2) Wichtig zum besseren Verständnis einzelner Thesen des Autors ist die Einordnung des Werkes. Wo steht es im Kontext der eventuell schon vorhandenen Arbeiten des Autors, wo innerhalb vergleichbarer wissenschaftlicher, kirchlicher oder ökumenischer Bemühungen in Vergangenheit und Gegenwart?
3) Nach der ungefähren Einordnung des Werkes sollte der Diskussionsstand, von dem der Autor ausgeht, markiert und seine zentrale(n) Fragestellung(en) benannt werden.
4) Im Anschluss daran ist die Arbeitsmethodik des Autors von Interesse: Welche Zielstellung hat er vor Augen, welchen Weg zu diesem Ziel schlägt er mit welchen Grundsatzentscheidungen bzw. Grundannahmen ein? Dabei ist eine Darstellung des Werkes nötig – sinnvollerweise anhand dessen Gliederung, nur sollte die nicht allzu ausführlich und bloß referierend geraten. Und sie sollte nicht aus einer Aneinanderreihung von Zitaten bestehen. Der Autor darf dann und wann im Zitat selbst zu Wort kommen, aber die Benennung seines Hauptarguments sollte nicht aus einem halbspaltigen, gar noch fremdsprachigen Zitat bestehen.
5) Falls das Werk in nennenswertem Umfang Exkurse, eigenständige Auseinandersetzungen mit anderen Autoren oder thematische Erörterungen, die unter dem Titel nicht sofort zu vermuten sind, aufweist, sollte ausdrücklich auf sie hingewiesen werden.
6) Am Ende sind Ergebnis und Ertrag des Werkes zu würdigen, produktive Thesen herauszustellen und gegebenenfalls in eigene Denkimpulse zu überführen, wobei Nachfragen und bei Bedarf sachliche Kritik nicht ausgespart werden sollten. Gute Rezensionen leben vom Mut zur Wertung, möglichst natürlich ohne besserwisserische Attitüde. Der Wissenschaftsdiskurs ist ohne klare, begründete und namentlich unterzeichnete Stellungnahmen nicht denkbar. Aus diesem Grund sollten Besprechungen, die ausschließlich Inhalt referieren, ebenso vermieden werden wie polemische, am vorzustellenden Buch nicht verifizierte Urteile.
7) Nicht zuletzt sind kurze Angaben zur stilistischen Qualität des Werkes, zu seiner formalen Gestaltung und Ausstattung sowie zur wissenschaftlichen Genauigkeit (relative Fehlerfreiheit oder Fehlerdichte, Güte von Anmerkungsapparat oder Indizes) für die Leser wichtig. Auf breite Fehlerauflistungen sollte jedoch verzichtet werden. Wo das nötig scheint, darf mit einem knappen Satz darauf hingewiesen werden, dass eine Corrigenda-Liste beim Rezensenten abgerufen werden kann.

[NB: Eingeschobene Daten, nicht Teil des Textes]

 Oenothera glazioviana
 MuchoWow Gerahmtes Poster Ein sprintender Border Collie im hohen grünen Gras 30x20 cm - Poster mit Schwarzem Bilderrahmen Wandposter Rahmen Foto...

Eine besondere Herausforderung stellen Sammelbände, Lehrbücher, Editionen und Lexika dar. Vieles des schon Gesagten gilt hier in gleicher Weise, Anderes ist zu ergänzen:
1) Sammelbände sind daraufhin zu prüfen, ob ihre Beiträge ein gemeinsames Thema haben und wenn ja, wie konsistent dieses durchgeführt wird. Von Ausnahmefällen abgesehen, verbietet sich schon aus Platzgründen eine einfache Auflistung aller Beiträge, stattdessen dürfen besonders hilfreiche besonders hervorgehoben werden.
2) Lehrbücher müssen naturgemäß vor allem aus der Sicht der anvisierten Rezipienten beurteilt werden. Nicht nur bei exegetischen Kommentaren spielt dabei die banale Frage des Umfangs eine Rolle. Welche Seitenzahl kann der durchschnittliche Bildungswillige noch verkraften? Ebenso entscheidend ist die didaktischen Anlage. Gibt es sie und ist sie hilfreich? Oder besteht das Buch hauptsächlich aus didaktischen Überlegungen, hinter denen sein Inhalt verloren zu gehen droht?
3) Eine Werkedition zu besprechen, bedarf – gerade in Zeiten begrenzter Forschungsmittel – einer ganz speziellen Verantwortung und Qualität. An erster Stelle müssen die Editionsrichtlinien aufgezeigt und diskutiert sowie die Stringenz ihrer Anwendung geprüft werden. Zudem ist hier die Verortung der Edition in der Wissenschaftslandschaft besonders wichtig.
4) Größere Lexika sind wohl nie gerecht zu besprechen, selbst wenn man die hier gegebene personelle Disparatheit der Beiträger und den oft weiten zeitlichen Abstand zwischen Beginn und Abschluss des Großwerkes barmherzig in Rechnung stellt. Dennoch sind die Konzeption des Lexikons und ihre Umsetzung ausschlaggebend für die Bewertung – ebenso wie die Gewichtung der Themenfelder, die Auffindbarkeit gängiger Nachfragebegriffe und die Qualität der Beiträge.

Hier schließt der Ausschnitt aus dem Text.